Ich schrieb Stefan einen langen Brief und erzählte ihm alles! Alles, ich ließ nichts aus. Erwähnte meine starke Liebe zu ihm.
Aber die Schwäche und die Angst zu versagen, völlig ohne alles dazustehen, kämpften mit diesen Gefühlen für ihn. Ich nahm meine Kinder und fuhr mit ihnen in eine wunderschöne Zeit in die Berge. Von Stefan hörte ich drei Wochen nichts. Dann meldete er seinen Besuch an. Als er kam, sah er furchtbar aus. Er hatte im Bund eingesessen, da er nach meinem Geständnis im Alkoholrausch ausgerastet war und sich geprügelt hatte. Mittlerweile hatte ich Angst vor ihm, wenn er was getrunken hatte.
Gespräche darüber endeten jedoch im Leeren. Er wollte nicht einsehen, dass auch das ein Problem in unserer Beziehung war. Er gab immer den Umständen die Schuld. Sicher, genau wie ich. Aber selbst ich wusste im Stillen, dass es viel mehr war als nur die Umstände.
Wir sprachen uns aus. Stefan zeigte Verständnis, aber auch Wut und Schlimmeres. Er fühlte sich gedemütigt. Er fühlte sich und seine tiefe Liebe zu mir verraten, und er fühlte sich getäuscht. Er fing an, alles in Frage zu stellen, was ich je getan oder gesagt hatte.

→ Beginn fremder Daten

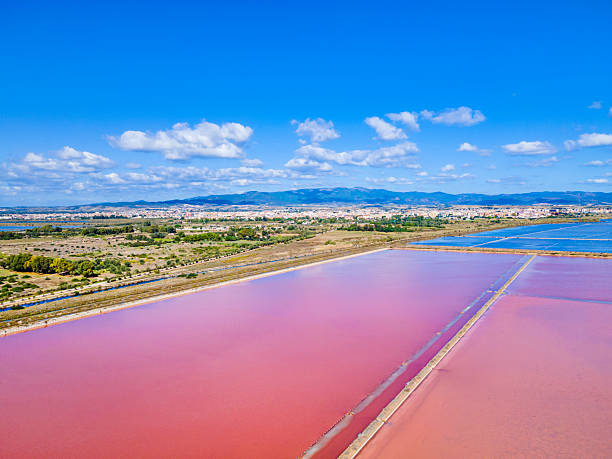 istock Molentargius - Saline Regional Park in Cagliari (Sardinia, Italy) 2207942039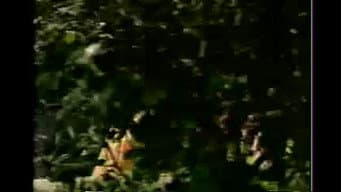 Episódio 20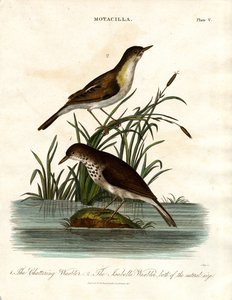 Motacilla: Geveze Ötleğen ve Isabella Ötleğeni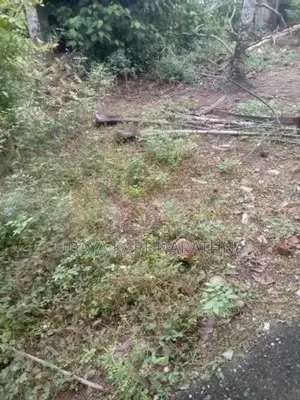 Land for Sale Hibutana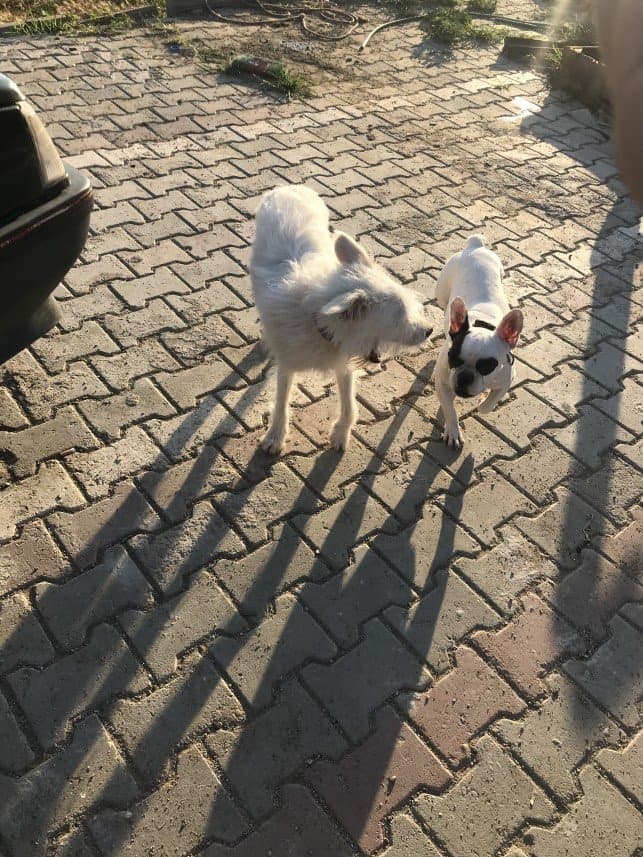 Pawland — çalışma 4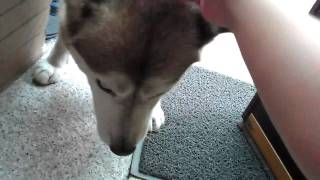 VIDEO0233.3gp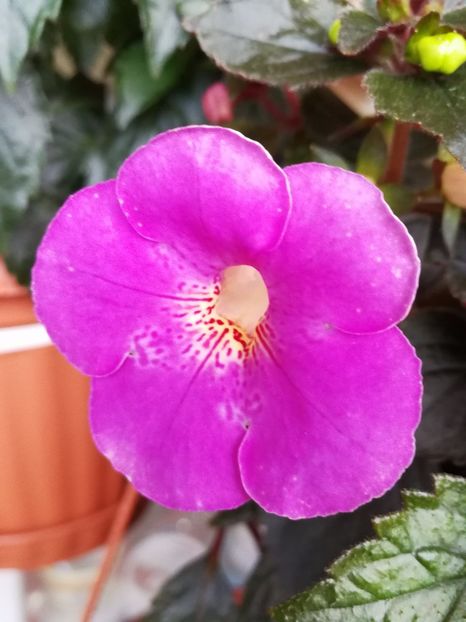  - Achimenes 2017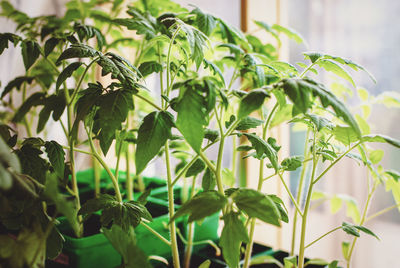Overgrown tomato seedlings growing by the window with lack of light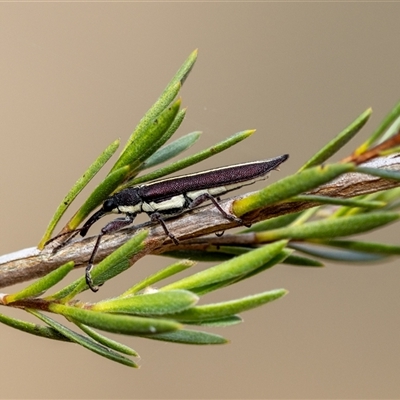 Rhinotia sp. (genus) (Unidentified Rhinotia weevil) at Denman Prospect, ACT - 26 Oct 2024 by KarinNeufeld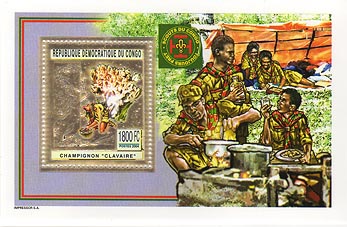 Congo Cooking Gold Foil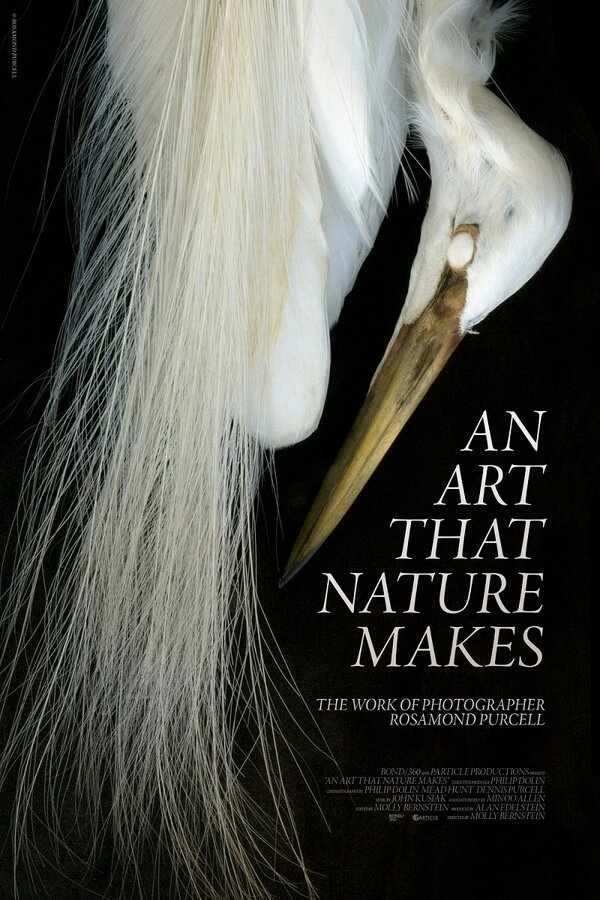 Постер фильма An Art That Nature Makes: The Work of Rosamond Purcell
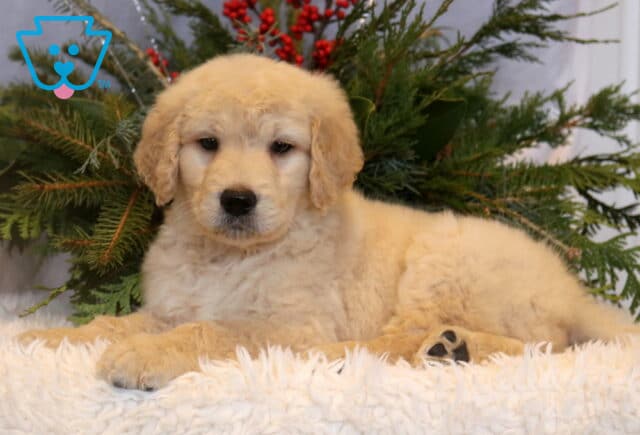 Cream-colored Goldendoodle puppy with a fluffy, curly coat lying on a soft white blanket, posed in front of evergreen greenery with red berries, looking forward with dark eyes and a sweet, relaxed expression. image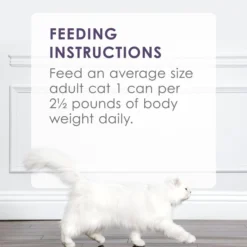 Fancy Feast Grilled Beef Feast in Gravy Canned Cat Food -FANCY FEAST Sales 76069 PT7. SY630 V1560367925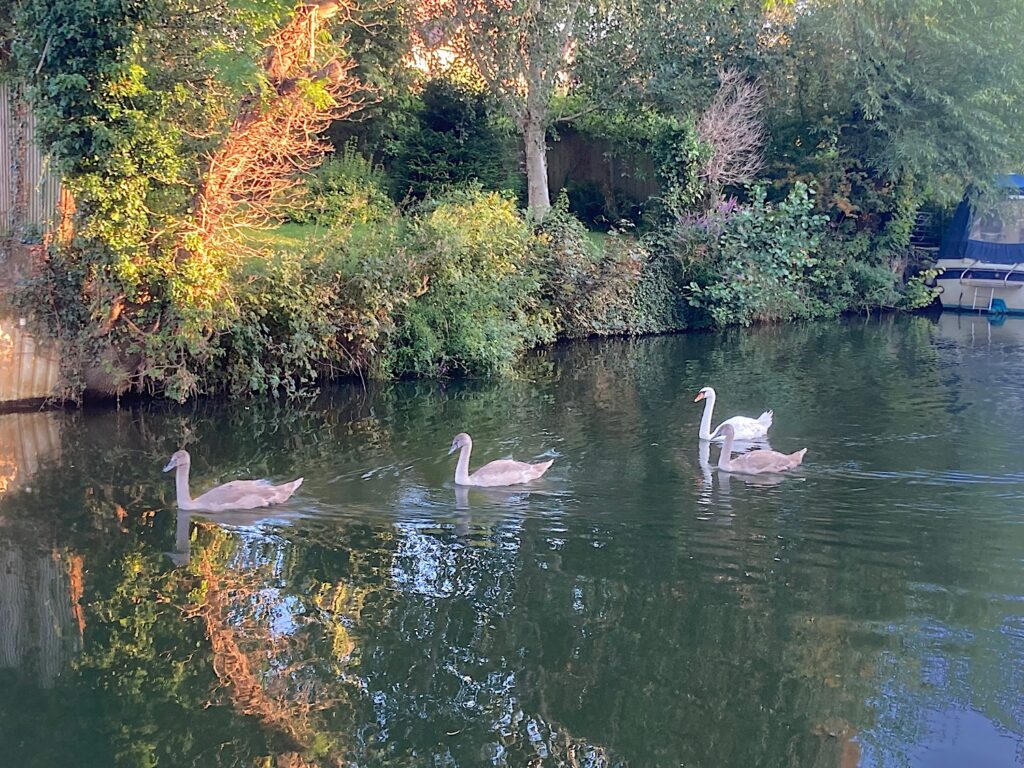 Fellow river voyagers on Medway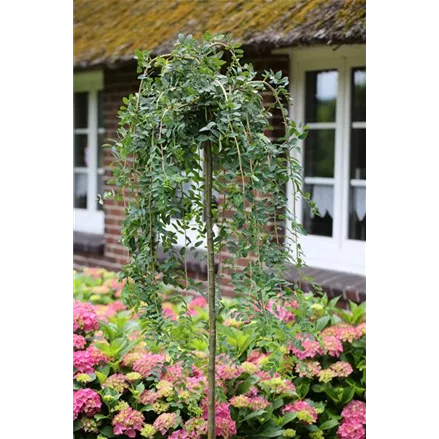 Hängender Erbsenstrauch 'Pendula'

Er blieb drei Tage, und wir hatten Gelegenheit, uns in seinem Hotelzimmer zu lieben. Es war kein Sex. Es war ein Schrei nach Hilfe. Wir klammerten uns aneinander, als gäbe es kein Morgen mehr. Es erinnerte mich an die Nacht, als er um meine Hand angehalten hatte. Mit jedem Stoß erklärte er mir seine Liebe. Mit jedem Kuss erklärte er mir seinen Willen, alles durchzustehen und zu verzeihen. Und ich gab ihm nach meinem Höhepunkt, der hart und schnell war wie seine Stöße, das Versprechen, mit allem aufzuhören und an uns und unsere Familie zu glauben. Stefan reiste ab und erwartete mich in drei Wochen zu Hause. Ich kurte weiter, jetzt wesentlich erleichterter, und nahm auch aktiv an allen Gesprächsangeboten für Beziehungskrisen teil. Auch meine Kinder wurden einbezogen.